Off the top, both examples are, when analyzed, not exactly the best ones to make Rosenblatt's case in either direction. Noach, did not separate himself from the rest of humanity. As Chazal make abundantly clear, during the 120 years he spent building the ark, he was in contact with other folks. He hid the purpose of the ark, to survive a coming global calamity, from no one. When the mabul came, he didn't enter the ark because he was frustrated by his neighbours and wanted to get away from them. He did it so that he wouldn't be killed.
Avraham Avinu, on the other hand, was a much different case. Rather than go to people, he waited for people to come to him. Yes, his tent was open in all four directions so that any wayfarer could enter no matter what direction he approached from, but the wayfarer still had to approach. Other than the three angels, Avraham didn't exactly go door to door and ask people if they'd put tefillin on today. As for the example of Sodom, Avraham may have prayed for them but he didn't associate with them, not one bit. His only conversation with the king of the city is terse, along the lines of: Take your stuff and screw off buddy.
Amongst today's Jews, there are a few Noah figures. Chabad comes to mind, although they don't actually promise an apolcalypse but they are rather active in trying to get people to come closer to Torah and the Ribono shel Olam. However, there are no Avraham figures out there, people who have compassion for the worst of what's in this world and who would fight to the death to protect them. So neither model seems an appropriate for the today's Orthodox Jewry.

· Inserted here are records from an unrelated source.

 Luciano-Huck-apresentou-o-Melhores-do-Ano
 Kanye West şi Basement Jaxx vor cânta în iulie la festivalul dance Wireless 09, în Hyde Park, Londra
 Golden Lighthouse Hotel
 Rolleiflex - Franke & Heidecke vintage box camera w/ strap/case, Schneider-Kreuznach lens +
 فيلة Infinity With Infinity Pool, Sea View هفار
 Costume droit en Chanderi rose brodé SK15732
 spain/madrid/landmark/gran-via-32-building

Fortunatley, the featured figure in his article, Rav Benny Lau, seems to be quite the sensible fellow:
Rabbi Benny Lau, a popular Jerusalem spiritual leader and director of the Center for Judaism and Society at Beit Morasha, an Israeli academic center for Jewish studies and leadership development, posited those two biblical extremes in discussing the topic "If I Forget Thee Tel Aviv: Orthodoxy’s Responsibility to World Jewry and
Humanity" on a recent Sunday at a local forum. He came down squarely in the Abraham camp, asserting "we should not accept the view of some Orthodox Jews who want to stay on the ark, believing that the outside world is dangerous."
In arguing for compassion and engagement, he also disagreed with the interpretation of Rashi, the most famous biblical and Talmudic commentator, who, in discussing a Talmudic point about what should be done if a convert to Judaism wants to go back to his old life, concludes, "we don’t care."

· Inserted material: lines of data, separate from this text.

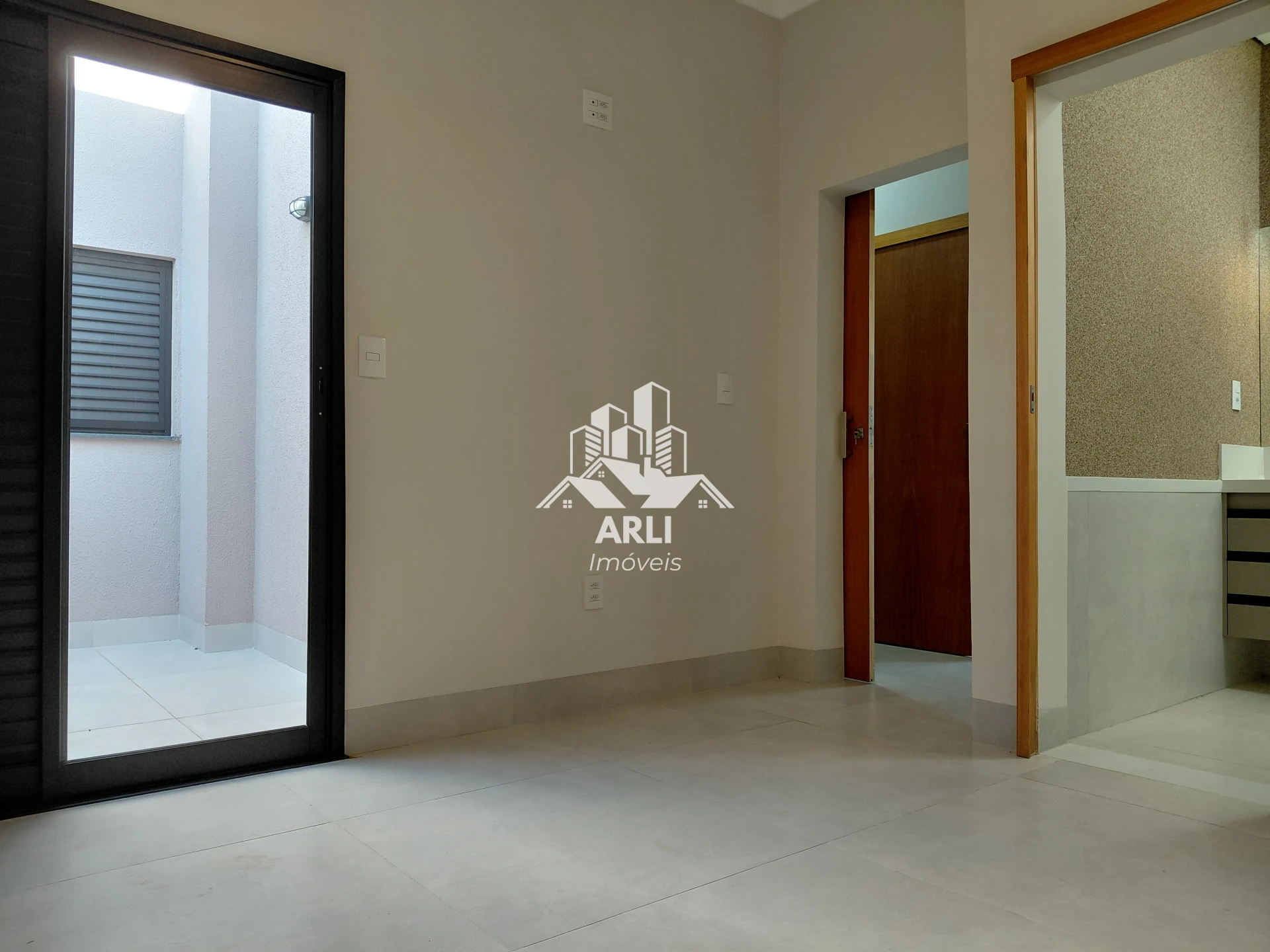 CASA À VENDA ! CONDOMINIO VERANA COM TRÊS SUITES !!! - 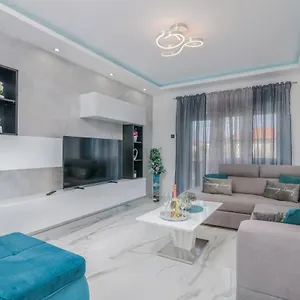  Apartment Luxury Lure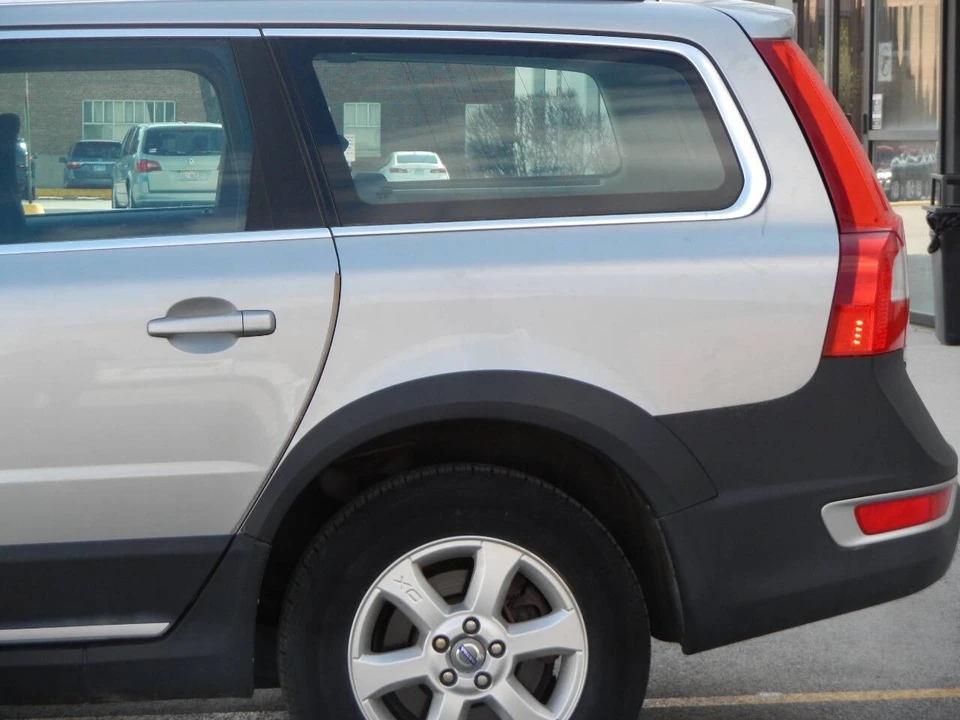 2010 Volvo XC70 3rd Gen - Image 9 of 12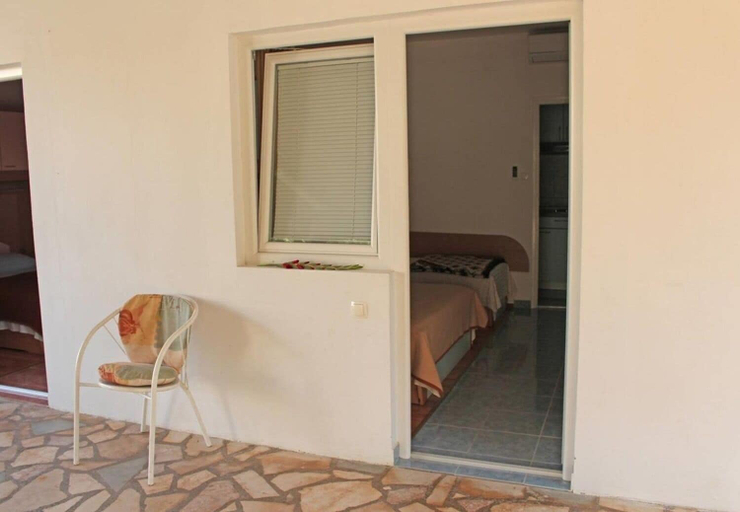 Others 4, Apartments Vinko, Vir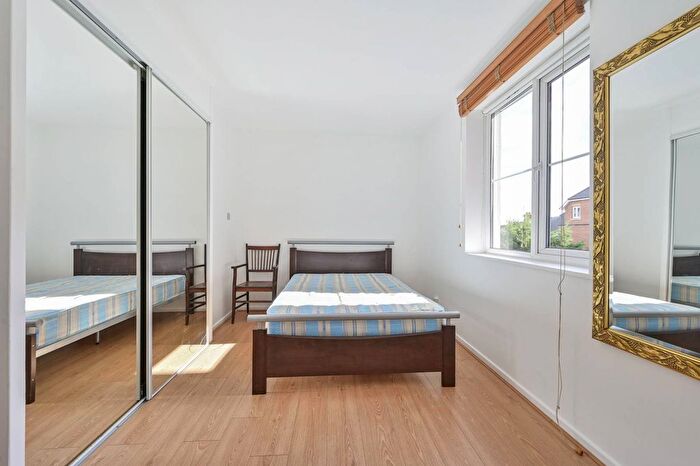 3 Bedroom Flat To Rent In Alwyne Road, Wimbledon, London, SW19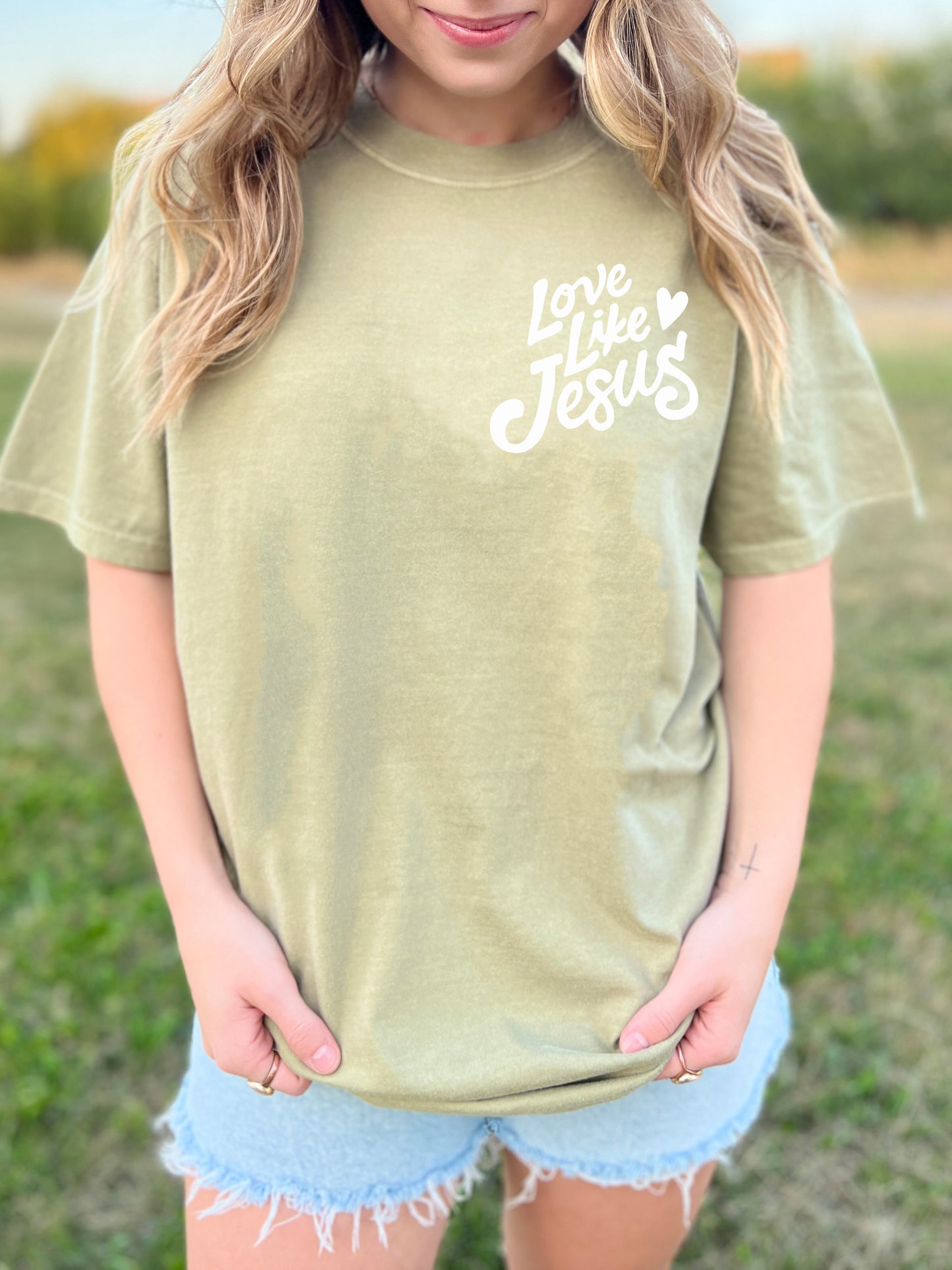 LOVE LIKE JESUS UNISEX TEE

Times have changed, said Rabbi Lau. "My reaction is just the opposite. Our slogan should be ‘I care.’"...
Asked by moderator Eugene Korn, a rabbi and scholar in areas of Jewish ethics, to address the situation in Israel, Rabbi Lau said it was "a tragedy" that many secular Israelis think rabbis concern themselves only with matters of kashrut, the Knesset and money, and that Judaism has little to say about health care or issues of social justice.
He said he would like to do away with the word "Orthodox" and other denominational divisions, preferring the notion of "living with mitzvot."

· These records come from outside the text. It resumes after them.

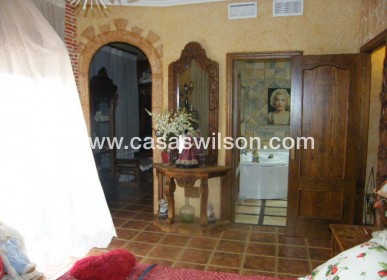 Sale - Townhouse - Daya Nueva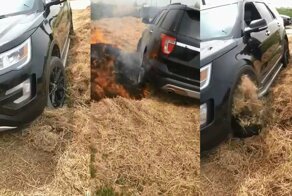 Внедорожник сгорел после того, как попал в ловушку на поле с сухой травой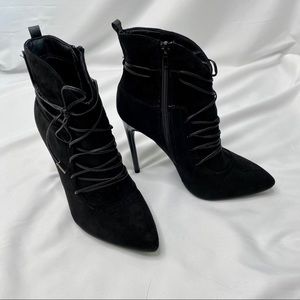 JACOBIES Black Lace-up Wind Suede Bootie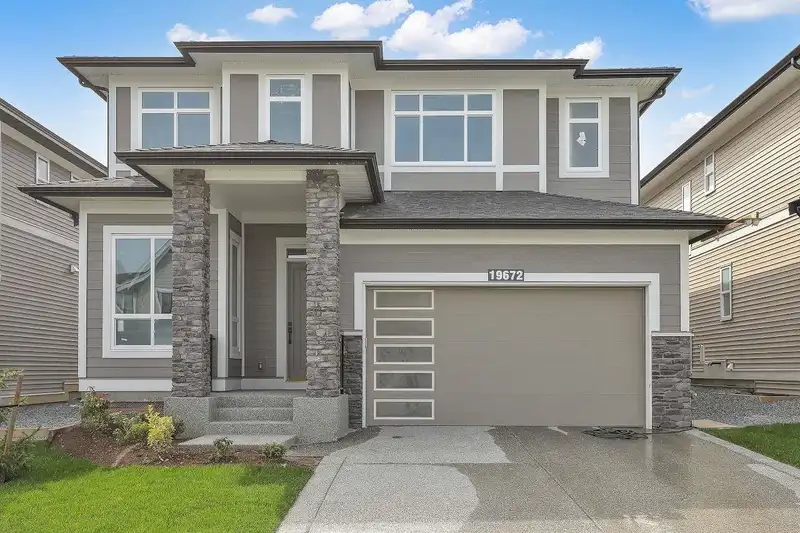 19672 75 AVENUE - photo 1 of 40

"When you are confident with yourself, you can be open to others," Rabbi Lau said. "When you are fearful, then you are closed."
While there was strong agreement among the panelists and moderator of the program, the fact is that many if not most Orthodox Jews here and in Israel eschew contact with other communities, either out of lack of interest or fear that such associations can weaken the core.
Unfortunately I think there's good reason for that fear and lack of interest. As Western society continues to polarize between the radically religious and the fanatically uninterested, there is less and less common ground for the two sides to meet and have coffee over.
Yet as religious Jews it is our responsibility to show our non-religious brethren all that is fulfilling and uplifting about Judaism. Instead of focusing on how to make life more difficult with the latest chumra-of-the-week, we should be bringing people into our homes on Friday nights and teaching them zemiros. Let them see the positive and perhaps it will have the effect it must have.
In the end, it's not Noah or Avraham that is the ideal role model for Orthodox Jews, but rather Aharon HaKohen who, as Avos tells us, loved peace and pursued it. He did go door to door, not to inflict religion but to show kindness on his contemporaries. Instead of sitting on our haunches and feelings self-righteous in the knowledge that we have the right path, we should be trying more to share that truth kindly with others.